I giudici hanno sancito che la domanda di definizione della lite, una volta presentata, non può essere revocata. Come affermato in pregressi arresti, la dichiarazione di voler fruire di una sanatoria non è una mera esternazione di scienza, ma una dichiarazione di volontà frutto di scelta ed autodeterminazione, quindi, salvi i casi di errori manifesti e riconoscibili, non può essere revocata.
Non è stata accolta la tesi della difesa, secondo cui la possibilità di revocare la domanda di definizione scaturiva dal fatto che l’Agenzia delle Entrate non aveva ancora “accettato” la stessa.
In effetti, tanto nel caso dell’art. 11 del DL 50/2017 quanto nell’art. 6 del DL 119/2018, il perfezionamento della definizione, in un certo senso, può ritenersi a formazione progressiva. Il contribuente, per perfezionare, potremmo dire nei suoi confronti, la definizione, deve, entro un certo termine, fare domanda ed eseguire il versamento di tutte le somme o della prima rata; l’Ufficio, entro un successivo termine (secondo la giurisprudenza peraltro nemmeno perentorio) può, se del caso, opporre il diniego di definizione, atto che potrà essere impugnato dinanzi al giudice tributario.
Se il principio enunciato nella sentenza di ieri può essere condiviso, va comunque contestualizzato.
Per prima cosa, al pari di quanto affermato, ormai da tempo, da Agenzia delle Entrate-Riscossione in tema di rottamazione dei ruoli, la domanda di definizione si ritiene revocabile liberamente se la revoca interviene entro il termine di presentazione della domanda stessa, cioè entro il 31 maggio 2019. Qualche dubbio sulla revocabilità emerge se il contribuente, prima del 31 maggio, avesse già eseguito i versamenti.
Inoltre, un conto è la domanda di definizione, un conto è la dichiarazione di volersi avvalere della definizione, che il contribuente deve rendere, in udienza o in apposita richiesta diretta al giudice, per ottenere la sospensione del processo.
Questa dichiarazione non comporta assolutamente la necessità che il contribuente, valutata la fattispecie concreta, poi effettivamente fruisca della definizione.

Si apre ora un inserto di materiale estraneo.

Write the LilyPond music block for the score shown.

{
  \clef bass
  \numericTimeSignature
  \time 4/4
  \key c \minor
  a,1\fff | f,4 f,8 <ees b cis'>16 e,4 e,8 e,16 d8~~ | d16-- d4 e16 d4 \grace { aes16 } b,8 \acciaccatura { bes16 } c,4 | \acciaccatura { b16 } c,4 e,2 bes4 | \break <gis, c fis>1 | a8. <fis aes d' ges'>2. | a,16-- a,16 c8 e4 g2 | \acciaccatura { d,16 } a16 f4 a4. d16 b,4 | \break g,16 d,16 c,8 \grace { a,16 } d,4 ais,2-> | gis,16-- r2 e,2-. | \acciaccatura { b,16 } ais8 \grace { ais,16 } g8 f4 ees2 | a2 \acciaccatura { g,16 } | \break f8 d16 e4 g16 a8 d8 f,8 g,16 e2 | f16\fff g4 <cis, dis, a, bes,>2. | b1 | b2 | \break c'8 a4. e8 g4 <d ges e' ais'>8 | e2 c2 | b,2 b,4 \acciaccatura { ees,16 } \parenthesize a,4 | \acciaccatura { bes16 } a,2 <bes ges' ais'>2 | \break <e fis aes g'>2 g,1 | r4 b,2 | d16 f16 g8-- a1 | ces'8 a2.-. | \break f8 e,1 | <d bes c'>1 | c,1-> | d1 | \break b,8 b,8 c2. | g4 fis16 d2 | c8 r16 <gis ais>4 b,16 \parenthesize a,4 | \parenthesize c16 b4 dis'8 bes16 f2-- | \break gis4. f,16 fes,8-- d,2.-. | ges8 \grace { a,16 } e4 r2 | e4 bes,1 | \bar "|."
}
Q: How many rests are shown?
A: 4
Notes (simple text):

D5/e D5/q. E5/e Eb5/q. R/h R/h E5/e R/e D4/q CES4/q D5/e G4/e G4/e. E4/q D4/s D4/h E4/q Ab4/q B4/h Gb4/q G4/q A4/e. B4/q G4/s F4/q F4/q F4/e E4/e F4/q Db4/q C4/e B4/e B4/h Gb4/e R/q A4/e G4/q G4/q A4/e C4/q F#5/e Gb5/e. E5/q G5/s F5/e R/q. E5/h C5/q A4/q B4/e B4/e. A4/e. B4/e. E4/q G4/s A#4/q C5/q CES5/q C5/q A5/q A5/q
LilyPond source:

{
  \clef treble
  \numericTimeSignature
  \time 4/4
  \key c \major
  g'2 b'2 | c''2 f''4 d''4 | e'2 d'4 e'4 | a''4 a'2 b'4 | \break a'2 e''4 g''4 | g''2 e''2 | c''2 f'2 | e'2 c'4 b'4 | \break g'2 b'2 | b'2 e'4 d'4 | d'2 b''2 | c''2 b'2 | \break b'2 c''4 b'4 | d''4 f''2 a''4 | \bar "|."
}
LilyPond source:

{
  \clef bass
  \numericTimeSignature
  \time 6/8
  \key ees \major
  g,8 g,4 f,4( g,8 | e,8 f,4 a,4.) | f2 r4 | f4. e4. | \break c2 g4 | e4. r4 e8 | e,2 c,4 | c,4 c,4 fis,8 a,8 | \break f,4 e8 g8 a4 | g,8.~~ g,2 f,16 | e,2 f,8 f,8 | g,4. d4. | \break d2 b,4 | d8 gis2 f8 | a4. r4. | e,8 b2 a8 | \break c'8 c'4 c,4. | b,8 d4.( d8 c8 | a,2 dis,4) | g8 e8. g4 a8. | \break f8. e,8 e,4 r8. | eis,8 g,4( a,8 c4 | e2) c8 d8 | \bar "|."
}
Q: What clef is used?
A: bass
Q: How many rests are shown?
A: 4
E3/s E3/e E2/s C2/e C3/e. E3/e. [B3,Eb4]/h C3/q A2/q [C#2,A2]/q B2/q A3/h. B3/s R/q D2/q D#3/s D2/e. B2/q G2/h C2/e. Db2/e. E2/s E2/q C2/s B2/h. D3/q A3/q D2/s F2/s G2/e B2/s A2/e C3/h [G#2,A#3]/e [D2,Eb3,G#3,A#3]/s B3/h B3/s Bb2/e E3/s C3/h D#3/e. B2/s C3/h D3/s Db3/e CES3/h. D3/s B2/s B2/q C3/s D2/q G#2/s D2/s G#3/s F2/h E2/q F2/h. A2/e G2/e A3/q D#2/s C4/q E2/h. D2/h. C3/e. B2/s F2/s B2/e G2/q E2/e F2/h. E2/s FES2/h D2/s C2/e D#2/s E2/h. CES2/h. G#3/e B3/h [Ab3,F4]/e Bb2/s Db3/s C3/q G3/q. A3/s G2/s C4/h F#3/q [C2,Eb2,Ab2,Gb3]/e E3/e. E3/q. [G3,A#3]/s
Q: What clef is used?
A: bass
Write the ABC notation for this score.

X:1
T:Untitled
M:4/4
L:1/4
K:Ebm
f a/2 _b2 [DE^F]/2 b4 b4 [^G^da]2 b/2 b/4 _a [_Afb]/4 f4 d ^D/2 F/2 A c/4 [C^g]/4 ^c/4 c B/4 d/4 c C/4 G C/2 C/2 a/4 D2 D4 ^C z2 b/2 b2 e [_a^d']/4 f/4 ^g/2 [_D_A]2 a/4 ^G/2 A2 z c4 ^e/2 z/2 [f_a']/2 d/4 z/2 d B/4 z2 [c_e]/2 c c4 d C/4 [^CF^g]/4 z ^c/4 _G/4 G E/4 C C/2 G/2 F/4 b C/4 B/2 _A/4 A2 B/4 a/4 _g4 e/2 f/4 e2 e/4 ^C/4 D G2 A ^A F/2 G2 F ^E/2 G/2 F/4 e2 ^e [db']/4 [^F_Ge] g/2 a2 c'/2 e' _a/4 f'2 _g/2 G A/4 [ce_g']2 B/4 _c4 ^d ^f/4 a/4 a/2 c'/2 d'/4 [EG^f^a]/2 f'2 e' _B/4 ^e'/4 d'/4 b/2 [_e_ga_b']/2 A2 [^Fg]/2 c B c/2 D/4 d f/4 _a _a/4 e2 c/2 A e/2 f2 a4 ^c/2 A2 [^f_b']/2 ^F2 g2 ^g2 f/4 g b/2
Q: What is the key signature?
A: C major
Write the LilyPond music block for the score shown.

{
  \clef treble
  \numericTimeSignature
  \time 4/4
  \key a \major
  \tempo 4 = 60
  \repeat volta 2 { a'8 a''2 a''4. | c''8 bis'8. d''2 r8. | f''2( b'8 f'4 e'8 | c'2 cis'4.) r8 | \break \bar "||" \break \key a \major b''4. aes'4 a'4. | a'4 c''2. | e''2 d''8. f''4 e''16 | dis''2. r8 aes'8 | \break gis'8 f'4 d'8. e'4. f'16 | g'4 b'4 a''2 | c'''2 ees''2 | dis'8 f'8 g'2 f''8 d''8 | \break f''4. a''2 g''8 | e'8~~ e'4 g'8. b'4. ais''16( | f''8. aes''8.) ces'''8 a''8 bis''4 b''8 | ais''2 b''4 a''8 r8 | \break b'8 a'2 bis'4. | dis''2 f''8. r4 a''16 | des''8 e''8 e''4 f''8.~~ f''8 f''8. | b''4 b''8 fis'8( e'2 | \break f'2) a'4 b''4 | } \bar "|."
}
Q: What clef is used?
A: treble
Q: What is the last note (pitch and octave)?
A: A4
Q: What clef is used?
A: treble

Il processo, infatti, resta ulteriormente sospeso sino al 31 dicembre 2020 solo se, entro il 10 giugno 2019, si deposita la domanda di definizione e il modello F24.
Tanto detto, la domanda, se accompagnata dai versamenti eseguiti nei termini, non può essere revocata come detto dalla Cassazione.
Invece, la situazione è diversa se non sono stati eseguiti i versamenti.
L’art. 6 del DL 119/2018 è chiaro nell’affermare che la definizione non si perfeziona unicamente con la presentazione della domanda, ma anche con l’esecuzione dei versamenti. Pertanto, se i versamenti non sono eseguiti, nemmeno emerge il problema della revoca, in quanto la definizione non si è perfezionata.
Il processo, quindi, non resterà sospeso fino alla fine del 2020, e si esaminerà il merito della lite.